Had around 30 shots with this light pull rig, with 7mm steel, av around 350fps... band life still surviving, but I don't think for much longer...


----------



## newconvert (Dec 12, 2011)

what dimensions for your super zippy fast bands?


----------



## bullseyeben! (Apr 24, 2011)

Ahhh now that's a secret


----------



## newconvert (Dec 12, 2011)

****it! i was going to get your recipe and get rich!


----------



## akmslingshots (Mar 2, 2012)

good speeds Ben



newconvert said:


> ****it! i was going to get your recipe and get rich!


I'm waiting for Ben to say he has that speed with 9.5mm steel, then try to do the same


----------



## bullseyeben! (Apr 24, 2011)

Lol ok... 
Effective tied length 270mm x 28mm to 10mm tap.. don't tell any one


----------



## bullseyeben! (Apr 24, 2011)

akmslingshots said:


> ****it! i was going to get your recipe and get rich!

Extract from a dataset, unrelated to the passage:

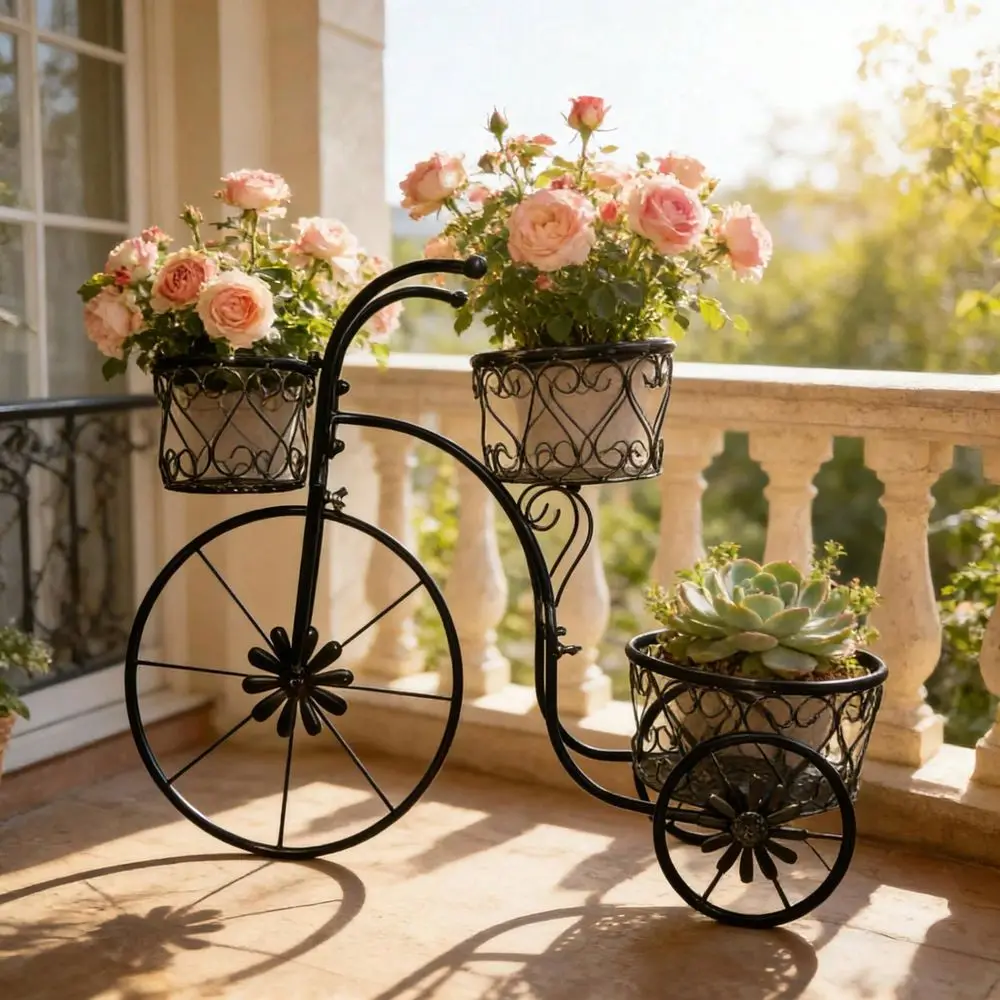 EuropeanStyle Wrought Iron Bicycle Hanging Basket Flower Rack, MultiTier Indoor Outdoor Floor Planter Stand, RustProof WeatherR
EuropeanStyle Wrought Iron Bicycle Hanging Basket Flower Rack, MultiTier Indoor Outdoor Floor Planter Stand, RustProof WeatherR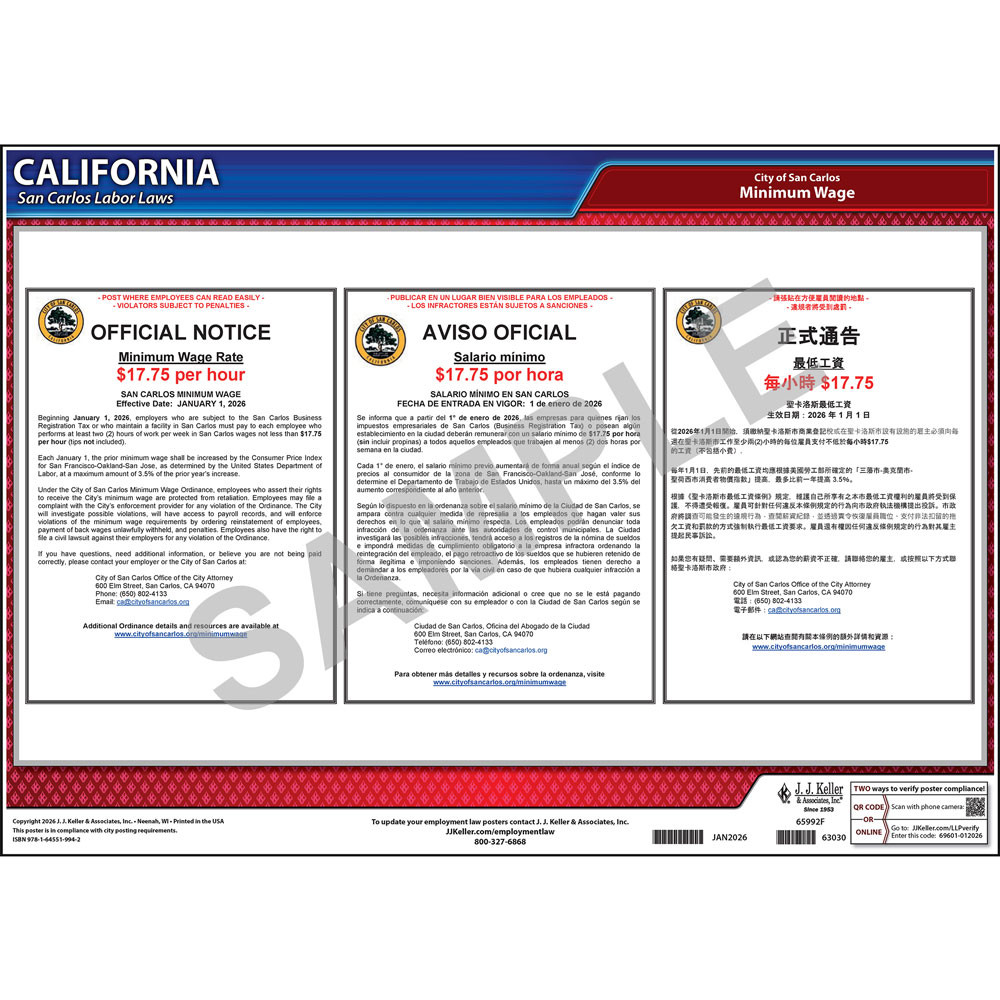 California / San Carlos Minimum Wage Poster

I'm waiting for Ben to say he has that speed with 9.5mm steel, then try to do the same








[/quote]
Got 338 with 9mm lead, reckon that's on par


----------



## akmslingshots (Mar 2, 2012)

bullseyeben! said:


> Lol ok...
> Effective tied length 270mm x 28mm to 10mm tap.. don't tell any one


10MM!! whoa dude... how many shots you getting? not surprised its so low... will watch the vid on youtube later, using the socket for my speakers on another job lol


----------



## akmslingshots (Mar 2, 2012)

bullseyeben! said:


> Got 338 with 9mm lead, reckon that's on par


was that with a similar taper? would you care to share me the taper


----------



## treefork (Feb 1, 2010)

bullseyeben! said:


> Lol ok...
> Effective tied length 270mm x 28mm to 10mm tap.. don't tell any one










I won't tell anyone.


----------



## akmslingshots (Mar 2, 2012)

treefork said:


> I won't tell anyone.


tell me treefork, go on







haha


----------